Problem description:
The full listing is to be transcribed exactly, with each picture left out.

Information shown:
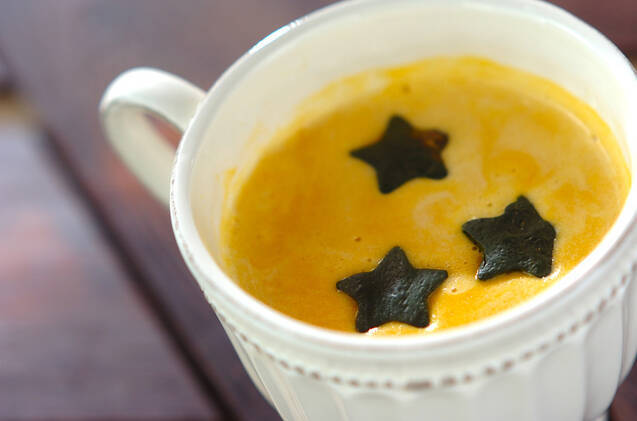 白いマグカップにかぼちゃのスムージーが入れられていて、かぼちゃの皮を星形にしたものが3つ飾られている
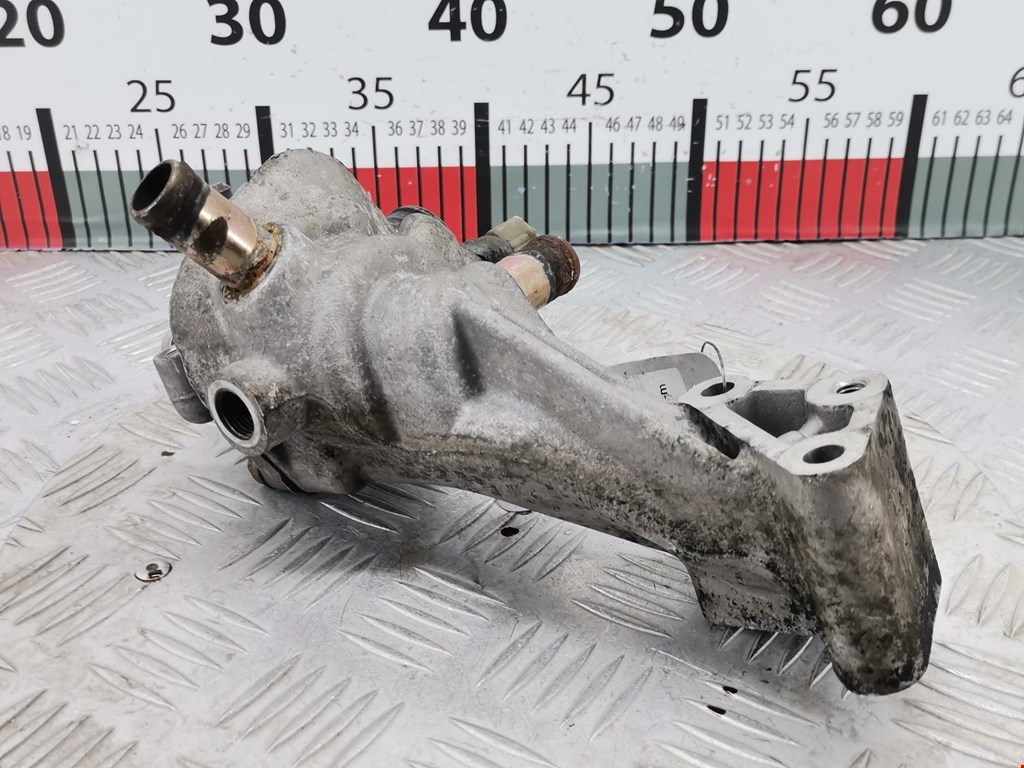 Корпус термостата Kia Carnival (Sedona) 1 (UP/GQ) (1998-2006)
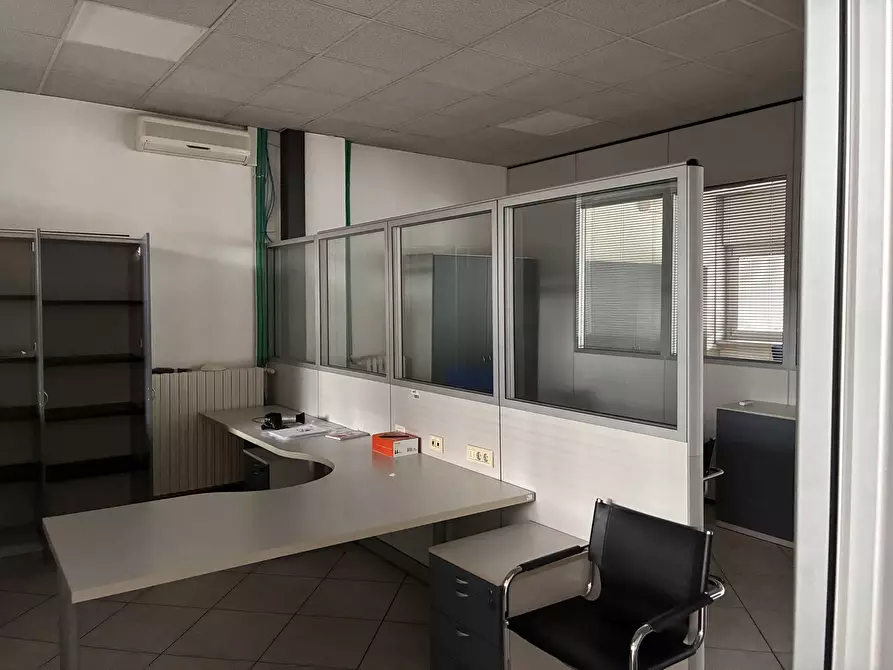 Immagine 4 di Capannone industriale in affitto  a Parma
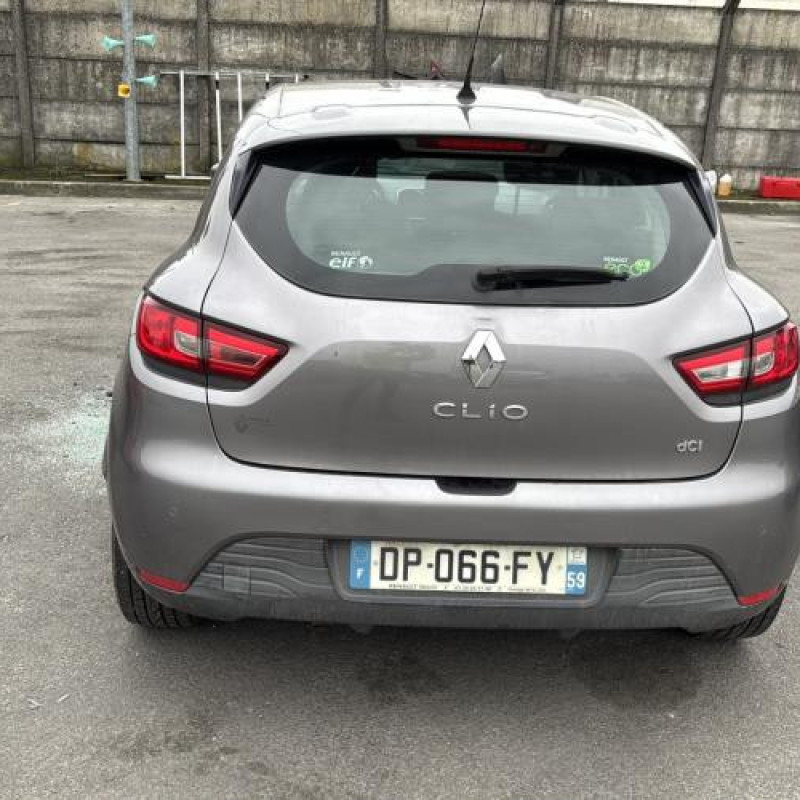 Attache ceinture arriere gauche RENAULT CLIO 4 Photo n°9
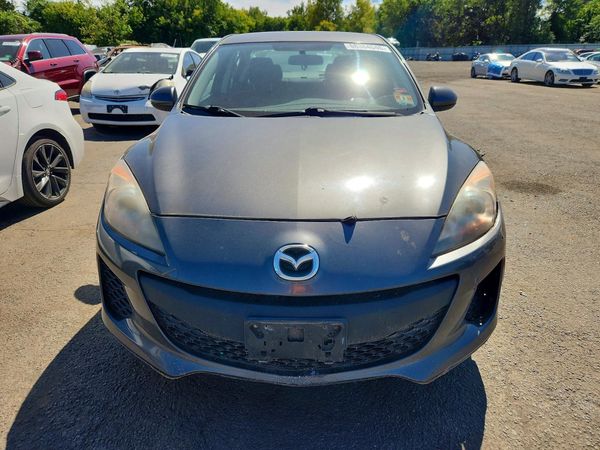 2013 MAZDA 3 Touring/GS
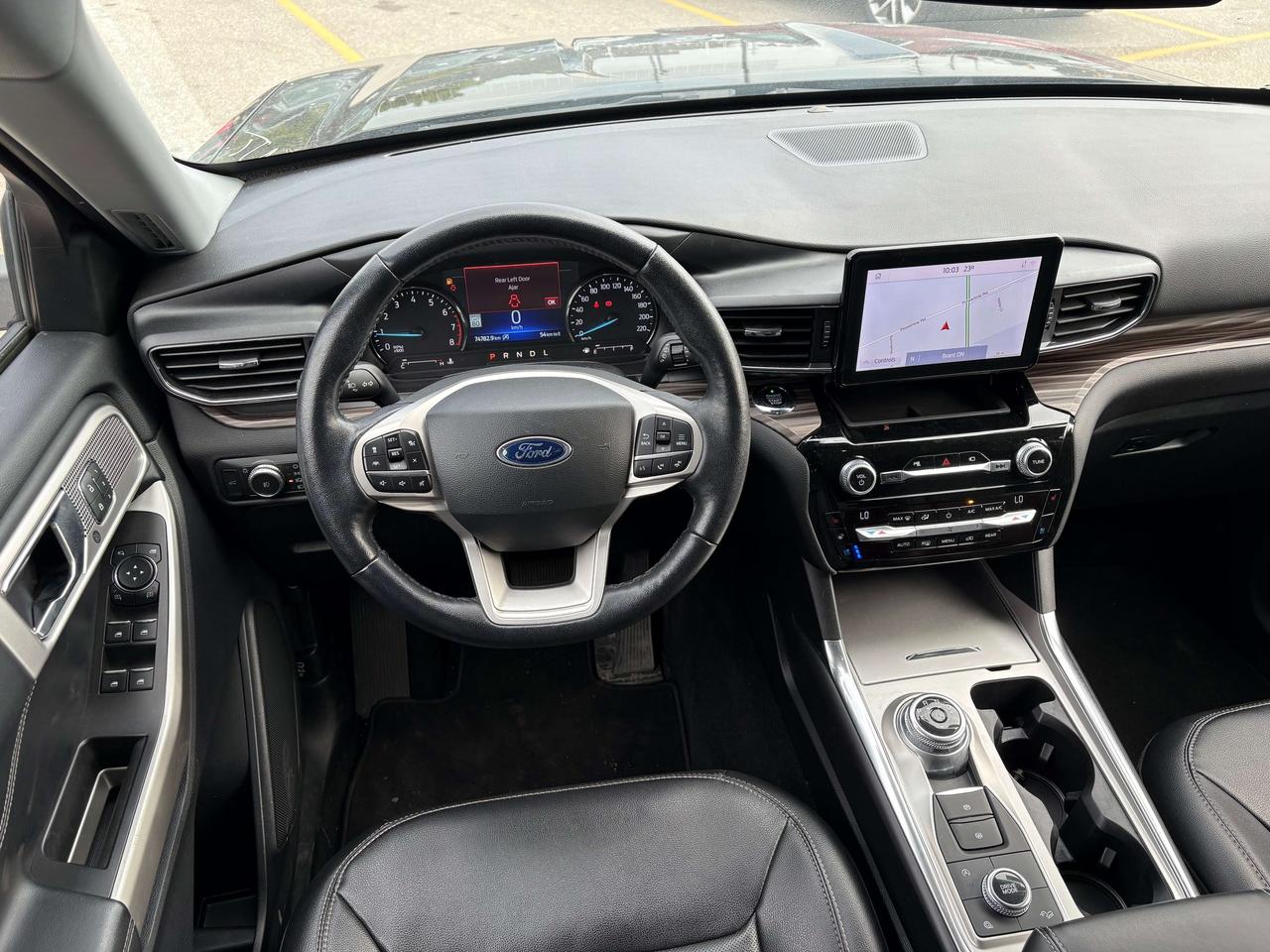 2021 Ford Explorer Limited 4WD   Leather   NAV   Clean Carfax Photo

Output of the task:
 白いマグカップにかぼちゃのスムージーが入れられていて、かぼちゃの皮を星形にしたものが3つ飾られている
 Корпус термостата Kia Carnival (Sedona) 1 (UP/GQ) (1998-2006)
 Immagine 4 di Capannone industriale in affitto  a Parma
 Attache ceinture arriere gauche RENAULT CLIO 4 Photo n°9
 2013 MAZDA 3 Touring/GS
 2021 Ford Explorer Limited 4WD   Leather   NAV   Clean Carfax Photo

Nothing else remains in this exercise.